# Other Aquarium Forums > Marine Tanks >  Setup a new Coral Tank

## Xmant

Got a great gift from a friend Justin. Were given some corals and sexy shrimps. Decided to setup a new pico coral tank straight away.




*Some corals and sexy shrimps*

----------


## Whitechicks7

Nice corals bro!

----------


## Xmant

Thank you.

----------


## Xmant

Finally, the corals and sexy shrimps are in the tank. :Very Happy: 





Looking forward to see the purple coral open.

----------


## situs-sk2

look nice, any chiller required

----------


## tjy

From the pic, it looks like you have a lot of tanks!

----------


## cdckjn

small tank like this, no need for chiller but need regular water change - in this case 10% every 2 weeks, I guess as there is very little bio-load.

----------


## dabaixiang

Sexy shrimps  :Wink: 

Sent from my SM-N9005 using Tapatalk

----------


## mistic

hm... marine tank required chiller / sump tank?

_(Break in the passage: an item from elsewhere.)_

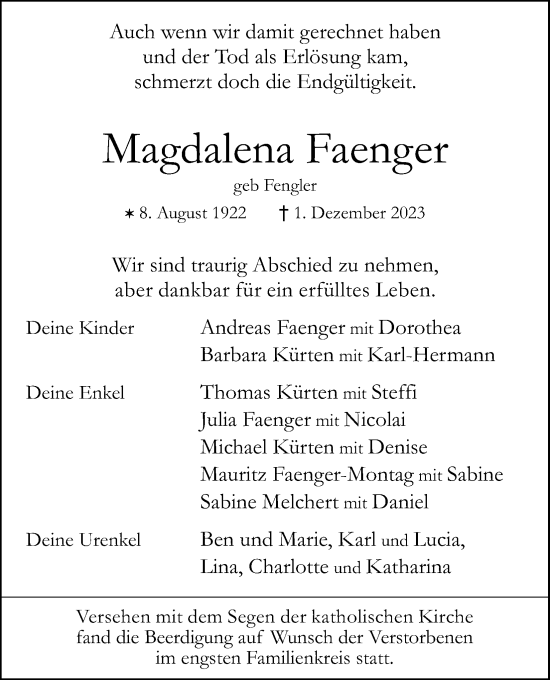 Anzeige von Magdalena Faenger von Kölner Stadt-Anzeiger / Kölnische Rundschau / Express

Got a 2ft tank w goldfish... planning to decom it and go for marine tank instead... 

please advice..

----------


## welly

Very nice corals but still can improve in scaping the tank

----------


## cbr_400_cbr

Will coral die if I don't use a chiller? Newbie

----------


## BFG

Depend on type of corals. Find out where they came from at the lfs.

----------


## Ralph

The marine fishes generally don't need chiller but if you are serious about the corals, you will need a chiller as most of them need temperature range about 25-27 degrees to grow well. an alternative to using chiller, is to use a fan to cool the water but this results in higher evaporation, so you need to top up with RO/DI or distilled water more often.




> Will coral die if I don't use a chiller? Newbie

----------